Despite these close ties between our two countries, I remain gravely concerned about the significant challenges that Lebanon is facing today, mostly with hosting an immense number of Syrian refugees. We commend the Lebanese people for welcoming and hosting civilians fleeing the conflict in Syria. Along with other Canadian governmental departments, and with the assistance of our embassies, we were able to meet our commitment of welcoming 25,000 Syrian refugees by the end of February 2016, of which over 14,000 came from Lebanon. We have renewed our commitment, and we look forward to welcoming more Syrian refugees throughout 2016. Since the beginning of the conflict in Syria, we have contributed over $1 billion in humanitarian, development, stabilization, and security assistance to the broader region to help neighboring states deal with the Syria refugee crisis. I am very pleased to see such a coordinated effort to provide support on the ground. Through our funds, we support activities implemented by UN agencies, non-governmental organizations, and the International Red Cross/Red Crescent Movement. However, I am concerned about the growing presence of armed extremist groups, and Canada has firmly condemned their attacks inside the country. For example, we are supporting the capacity of the Lebanese Armed Forces, countering violent extremism in Lebanon, countering the financing of terrorism in the region, and enhancing judicial and regional cooperation to counter the threat of foreign terrorist fighters.

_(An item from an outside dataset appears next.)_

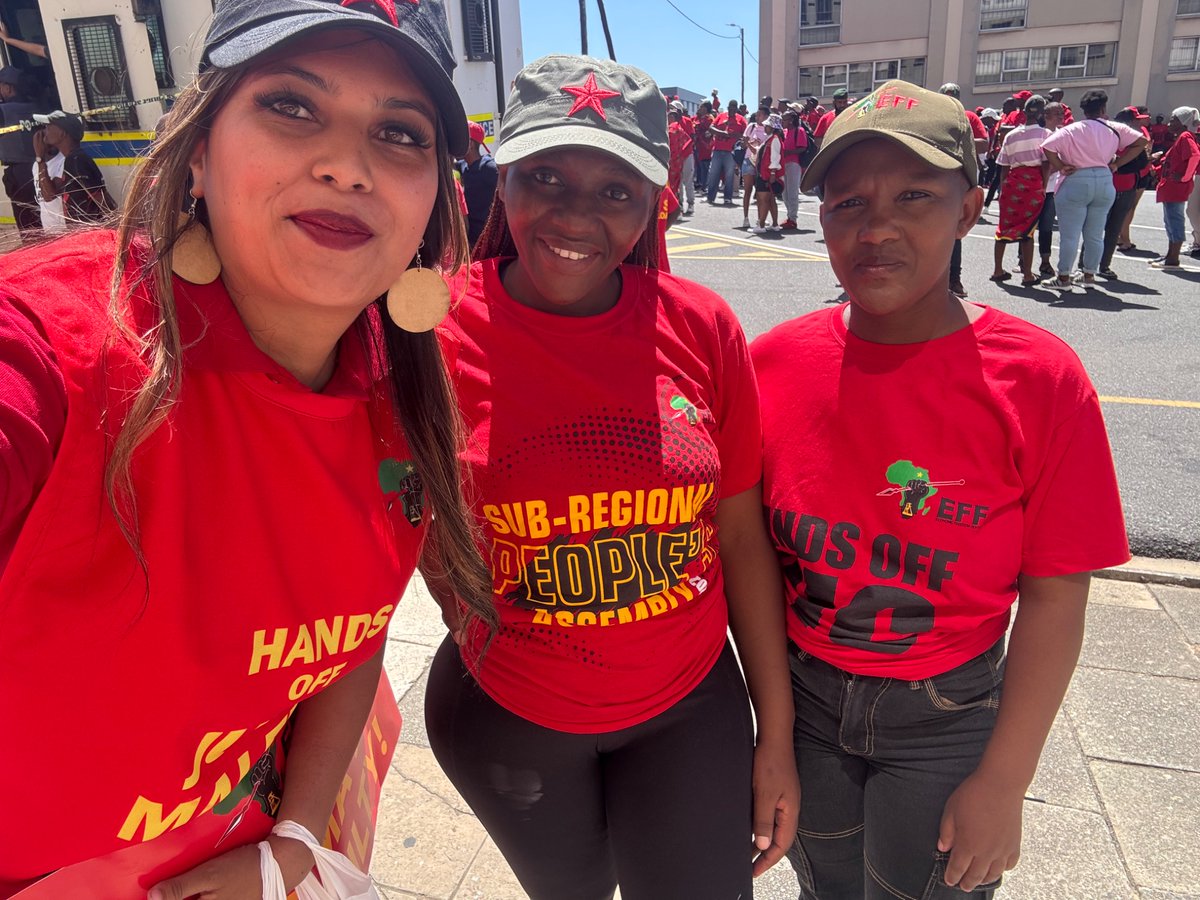 CassiemAishah's tweet image. #HandsOffJuliusMalema #eastlondon #EFF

Last February, alongside our Prime Minister, we announced our new policy. We committed $1.6 billion in humanitarian, development, stabilization, and security assistance to the region over the next three years, from which Lebanon will benefit. We will also work with our international partners to deliver $840 million in humanitarian assistance, $270 million in bilateral development programming, and $145 million to security and stabilization programming, from which Lebanon will benefit, including in responding to internal challenges related to the crisis in Syria. I was pleased to see that in light of our commitment, on April 15, 2016, Marie-Claude Bibeau, Minister of International Development and La Francophonie, announced a contribution of $20 million to the multi-donor Concessional Financing Facility, which will play an important role in helping strengthen Lebanon’s ability to manage the crisis and provide crucial services for refugees and host communities. I would like to conclude by reiterating my earlier statement that, throughout the recent months and going forward, Canadian officials are conducting assessments to determine how we can best direct our assistance to ensure that our efforts support Lebanon’s objectives for stability and prosperity. We commend the Lebanese government’s dedication to keeping Lebanon stable and disassociated from regional conflicts, and encourage all parties to adhere to this commitment. We continue to encourage and support the country’s efforts to end its political deadlock, and to both elect a new President and hold parliamentary elections as soon as possible.